Monday, December 14, 2015

Did it count?

it hurts. and it made everything that happened seemed like a bad dream. what we had, was it real?

i know i should not judge you, i should believe that what we had while we had was real. but it isn't, right?

you were suppose to love me the most. perhaps, i've drawn away the past few years, subconciously, cos i know that i had already lost you. lost you to the traditions that you were brought up with. i couldn't blame u for that, could i? u cannot choose the circumstances that you were born into. however, i really hope that you were different.

i know that i should move on already, i will and i can. i loved u once, and that was that. 

RIP.

Friday, March 6, 2015

Starting A Family

Sometimes, I wonder if I'm suffering from depression. Seems like a mild form of depression. Alone, I feel so down and lack the motivation to do anything. I used to love cooking. Right now, even though, I know that I am able to cook today, I just lack the push to do it. I attribute it to being tired. Deep down inside, I know that is not the truth. Simply I lack the motivation to do it.

In front of others, I'm pretty much myself. Have been trying to hint to hubby. Asking him, Do you feel like I'm down? He says no. Not sure if he doesn't want to face the truth, or I have been thinking too much.

sighs, this has been going on for a month. i think it started when i missed my monthlies, and did the test. sighs.

who says starting a family is easy? it doesn't really help if the whole world is asking me about it. I can't blame them, can I? They do not know what is happening and its unfair for me to vent it on them. How bad it is? Sighs, i see children and wish that i have mine.

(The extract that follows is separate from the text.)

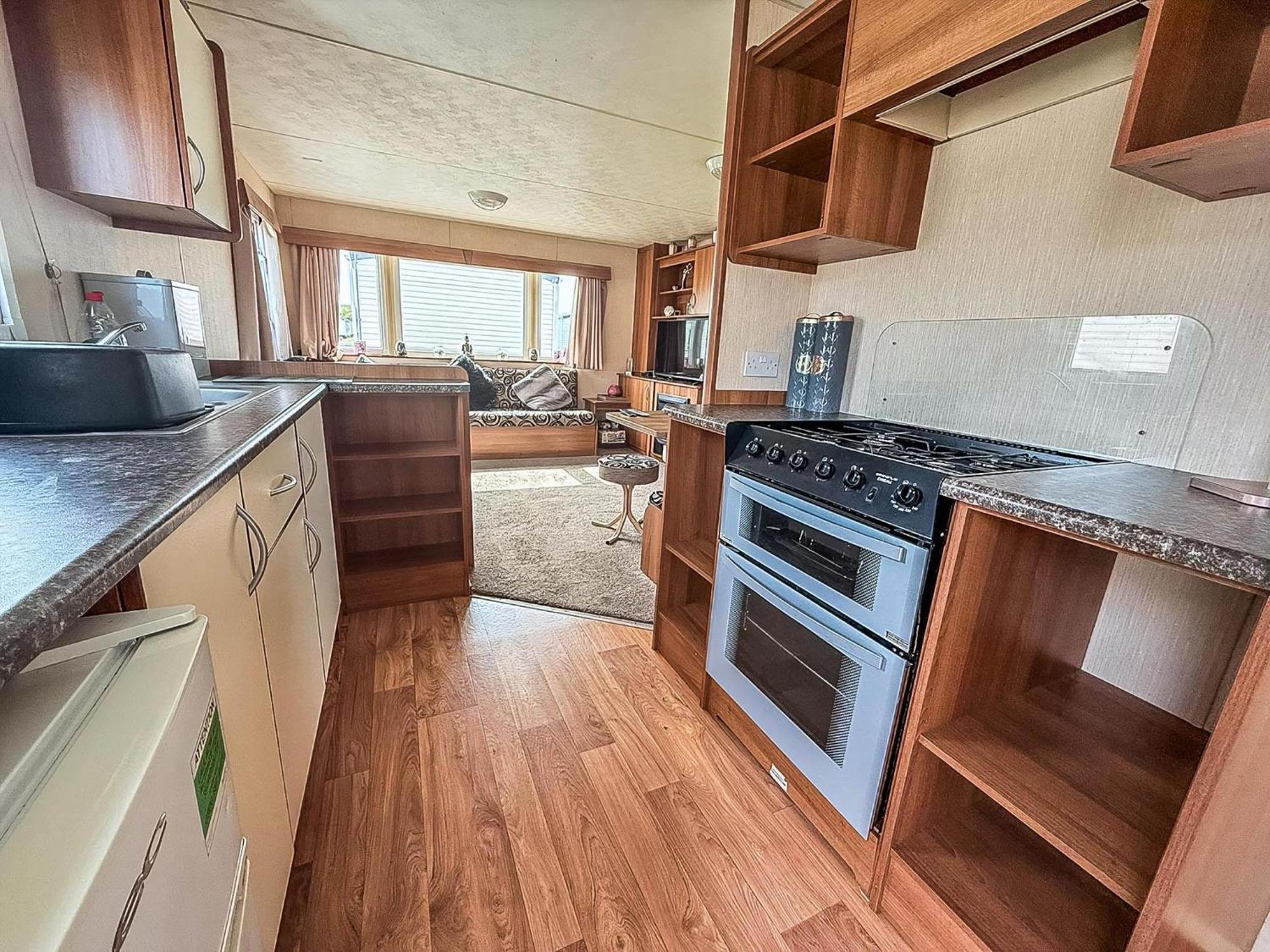 8 Berth Caravan With Decking At Sunnydale In Lincolnshire Ref 35087S Лаут Екстер'єр фото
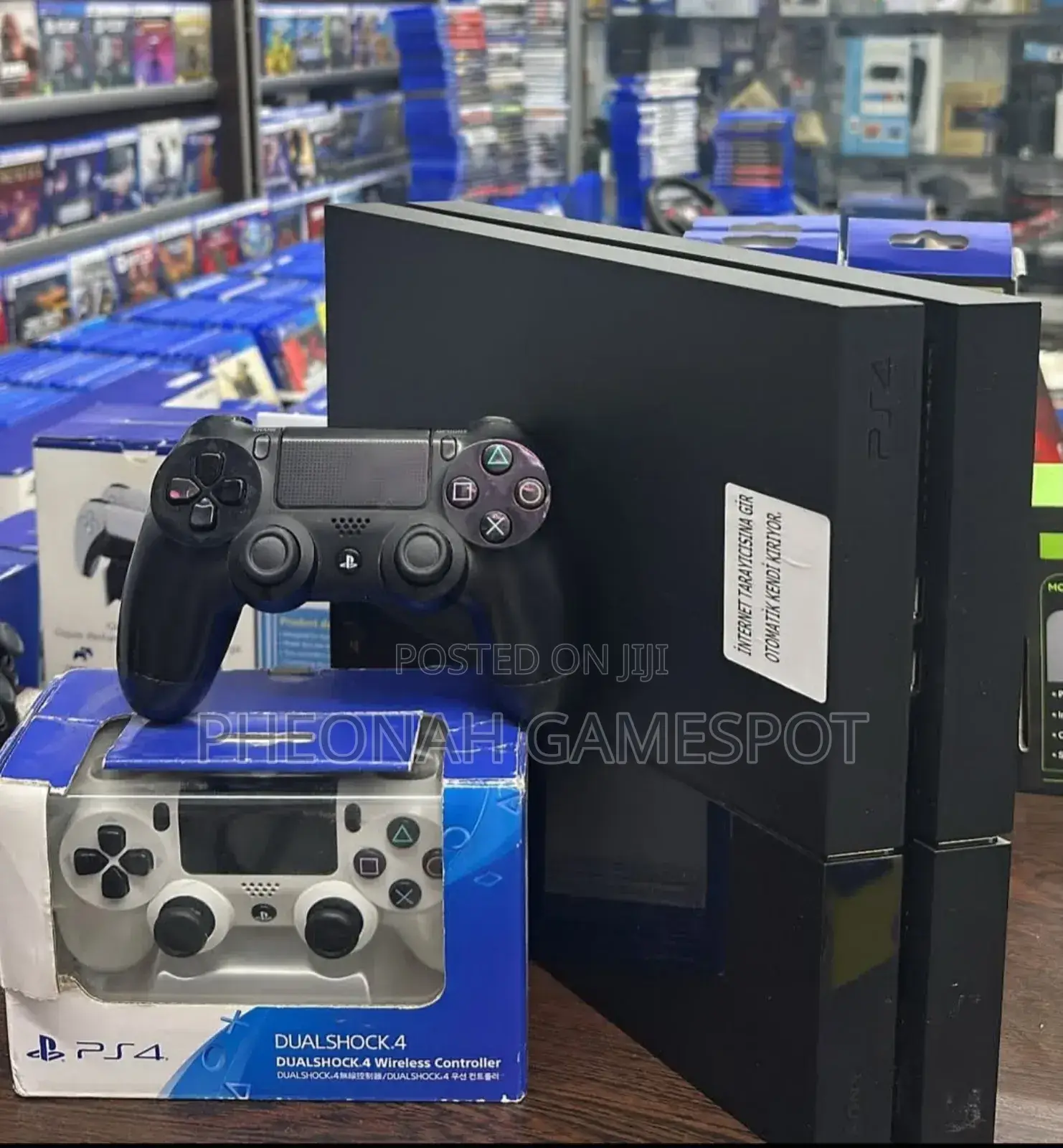 Ps4 Ultimate Bundle - Chipped Loaded With 15 Games and 2 Controllers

i have told myself that i cannot give up. some couples have been trying for years, and me? just months. however, this life test or journey is not easy. it affects the relationship between husband and wife, and also personal relationships with other people. 

sighs.... have entrust myself to God, as always. i guess, i will know when God determine when I'm ready. have faith. that is the most important thing of all. :)

Wednesday, December 31, 2014

3 years before and after

3 years later, i've come full circle.... just re-read some of the previous blog entries, and realise that i'm currently going through what i've been going through 3 years ago. the only difference is that i'm married now.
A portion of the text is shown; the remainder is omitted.